Tips, links and suggestions: what are you reading this week?
Your space to discuss the books you are reading and what you think of them
Welcome to this week’s blog. Here’s a roundup of your comments and photos from last week, including a sprawling historical novel, wonderful Wodehouse and a tip for how to strategically leave a book in a public place for others to enjoy.
paulburns had a good reading experience, thanks to a recommendation on TLS:
Yesterday I finished Neal Stephenson’s Quicksilver. In a word, magnificent, and, as I suspected, just that little edge better than Crytptomonicon. Its a novel in three parts. The first part tells the story of the early years of the Royal Society... Part two takes us to Vienna under siege by the Turks, mercantile Amsterdam and the Court of Louis XIV. Part three considers the protagonists’ adventures up to 1688 or so concurrently, bringing them all together and tearing them apart, with tales of science, espionage and derring-do.

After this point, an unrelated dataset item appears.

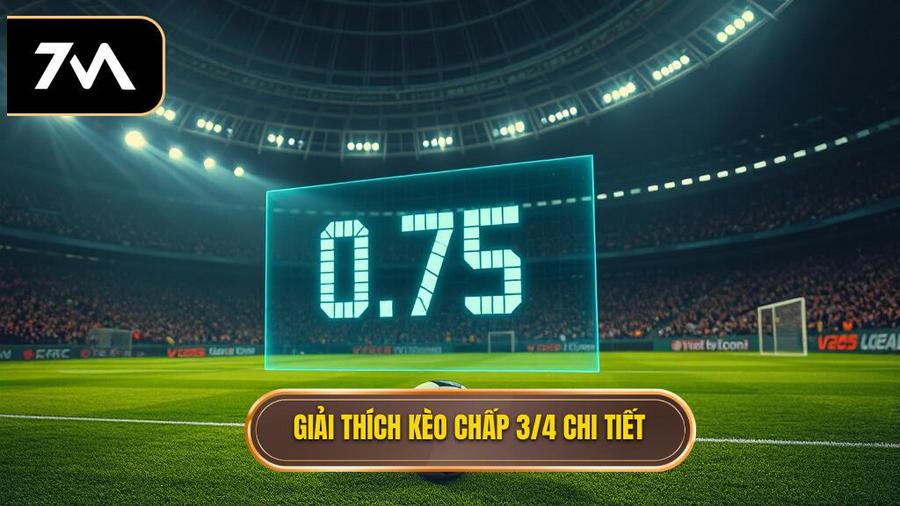 Hiểu đúng về Kèo chấp 3/4 (0.75) trong cá độ bóng đá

Finished re-reading Leave It to Psmith by P.G. Wodehouse - the usual amiable nincompoops, plucky heroines, stern aunts, false identities, jewellery theft and pigs are all present, correct and accounted for, but it was a forceful reminder that no one can turn those ingredients into an art form quite the way Wodehouse does.

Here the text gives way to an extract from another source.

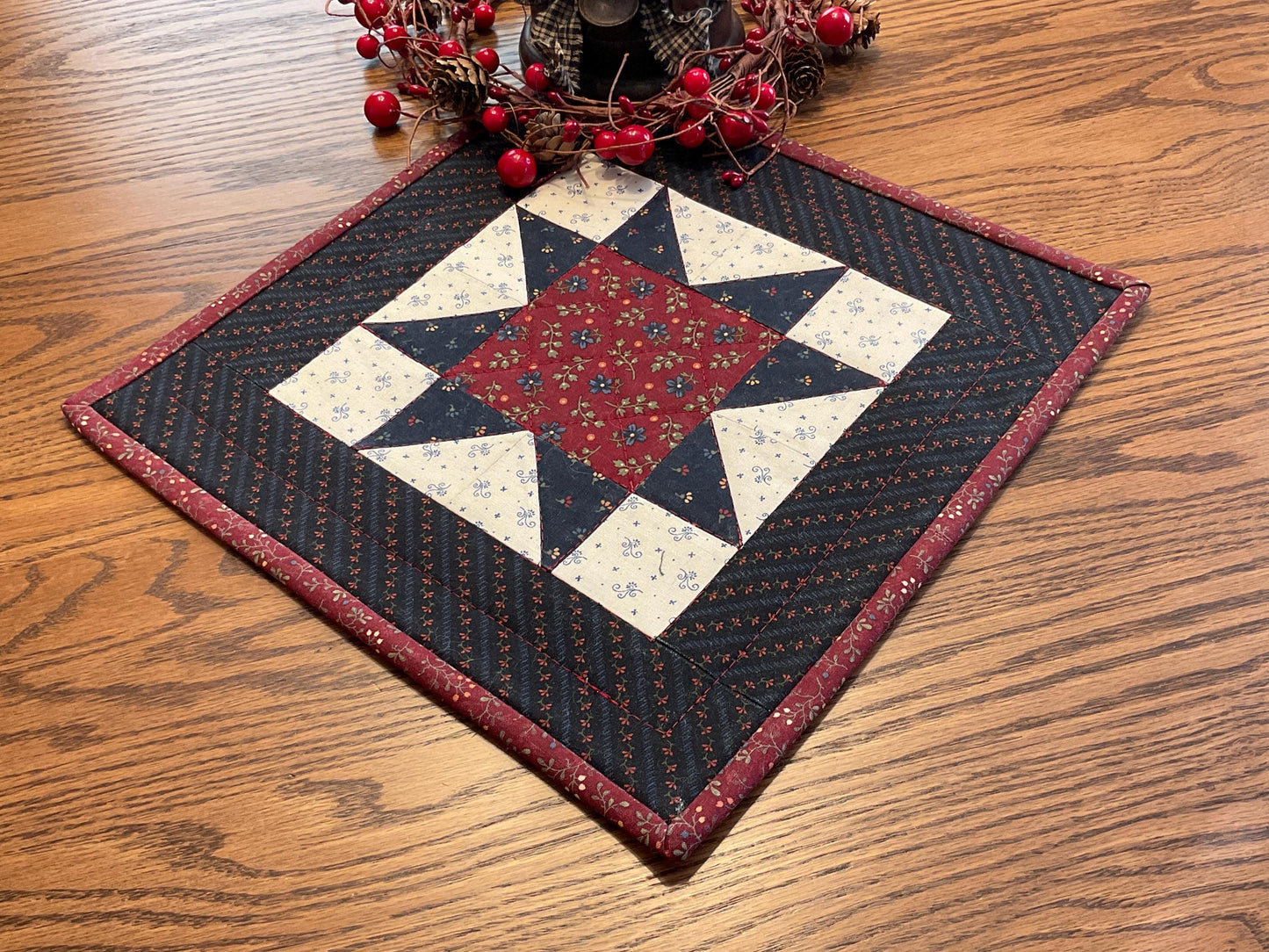 Primitive Farmhouse Americana Table Topper Item #2023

To me, a good Wodehouse has always been somewhere between comfort food and a sublimely performed ballet (to thoroughly mix my metaphors) - you may know what you’re getting and what’s going to happen, but that doesn’t make it any less wonderful.

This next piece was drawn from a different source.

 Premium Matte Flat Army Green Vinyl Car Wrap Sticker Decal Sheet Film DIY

Some previous guest had left behind a David Lodge book: A Man of Parts. A gripping read about the life of H.G. Wells. I never realised he was such a bed-hopper. An eye-opener. I shall now look up more about his life and works.
There’s a website devoted to leaving books for others to find -www.bookcrossing.com... You do have to consider what book to leave where, though. And definitely none where they would be binned by the cleaners.
Holiday reading will consist of the last two-hundred odd pages of The Girl Who Played With Fire by Stieg Larsson, Sherston’s Progress by Siegfried Sassoon (a lot shorter than I was expecting it to be), and probably We by Yevgeny Zamyatin.